Five steps to follow in selecting your email vendor:
- Identify your goals
- Map out your current process and problems
- Map out your desired scenario with benefits
- Create list of key features and priorities
- Evaluate and calculate results
We’ll start with the first couple steps and continue in a subsequent article. Stay with us and you won’t regret.
Your Email Marketing Selection Done Right, Step 1: Goals
The first thing you will want to do is identify your goals. What I mean by that is a list of what you want to achieve with email marketing. It could be as simple as “lead generation” but more likely you will want to hash it out in terms of:
- Why do you use email marketing?
- What do you expect from the system in terms of results?
- How will email marketing complement, enhance, or substitute current channels?
- Who will be responsible for handling the email marketing function?
This could be easy if you have already been doing email marketing and are looking to “upgrade” your system, but still is a worthwhile quick exercise that can ensure your team is all on the same page. You may also be surprised by answers given by your team mates!

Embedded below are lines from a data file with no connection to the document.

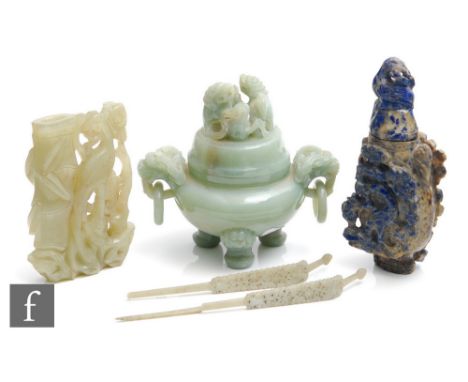 A collection of Chinese late Qing Dynasty (1644-1912) hardstone carvings, to include two green hardstone hair ornaments, one 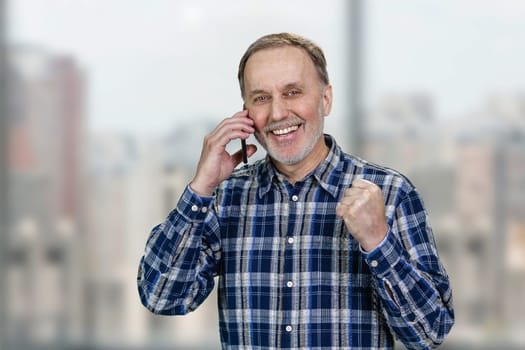 Happy cheerful senior man is talking on phone celebrating success. Blurred urban scape background.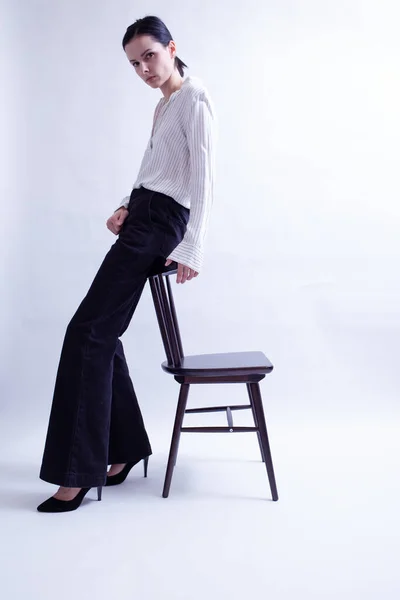 woman in white shirt and black trousers sits on a chair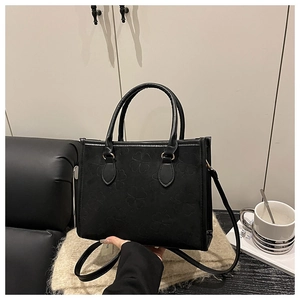 Détail du sac cabas noir avec motifs trèfles embossés et doubles poignées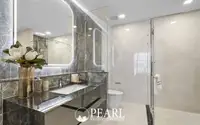 2 Bedroom Condo for Sale at Aquarous Jomtien Pattaya luxury bathroom with marble vanity, LED mirror and glass walk-in shower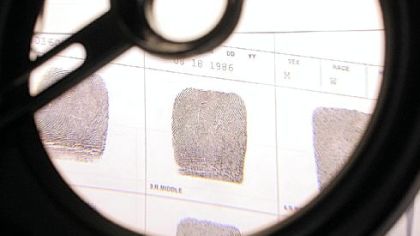 Fingerprints from a Mt. Lebanon burglary are lined up for fingerprint analyst Wayne Reutzel's practiced eyes in the office he shares at Pittsburgh Police headquarters. Mr. Reutzel, who used to work at the Allegheny County Crime Lab, is working on a pilot program for the Allegheny County Chiefs of Police to lower the turnaround time for fingerprint analysis.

Once the list of goals is ready, make sure you can easily refer back to it. It is the ultimate test to see if a vendor can truly deliver on their promises.
Step 2: Current Process
The second step is often overlooked. People jump into demos and start reading reports without a clear understand of where they are and where they want to be. So do yourself a favor and sit down with your team and start mapping your current email marketing process. If you don’t have a process yet, this still applies because it feeds the next step.
Ask yourself and your team about your current process:
- Who creates the emails today?
- How easy is it to create them on your current system?
- How long does it take?
- How do we select the recipients?
- What do we have to do to ensure the email will display properly?
- What metrics are we tracking?
- What is wrong with our current process?
What is wrong with our emailmarketing today?
This last question is the key. What is wrong and why do you want to change? Obviously if your goals are not being met with the current system (or no system) than you know there’s something wrong. But more important is to figure out what about the current email marketing process (or workflow) is broken and what needs improvement. As an example, at my previous company it would routinely take us a couple hours just to get an email ready to be sent. Then it would take us an hour or so to evaluate results. That’s because the system in place had a terrible HTML editor and the reports were difficult to access.
So as you think through what you do today and how long it takes, start making notes of key improvements you would like to see with the new system (e.g. easy one-click reporting, WYSIWYG HTML editing, etc.). As you gather information about the current process, keep in mind that you can also use this data as you present your case to senior management (if you are in a position that requires their approval).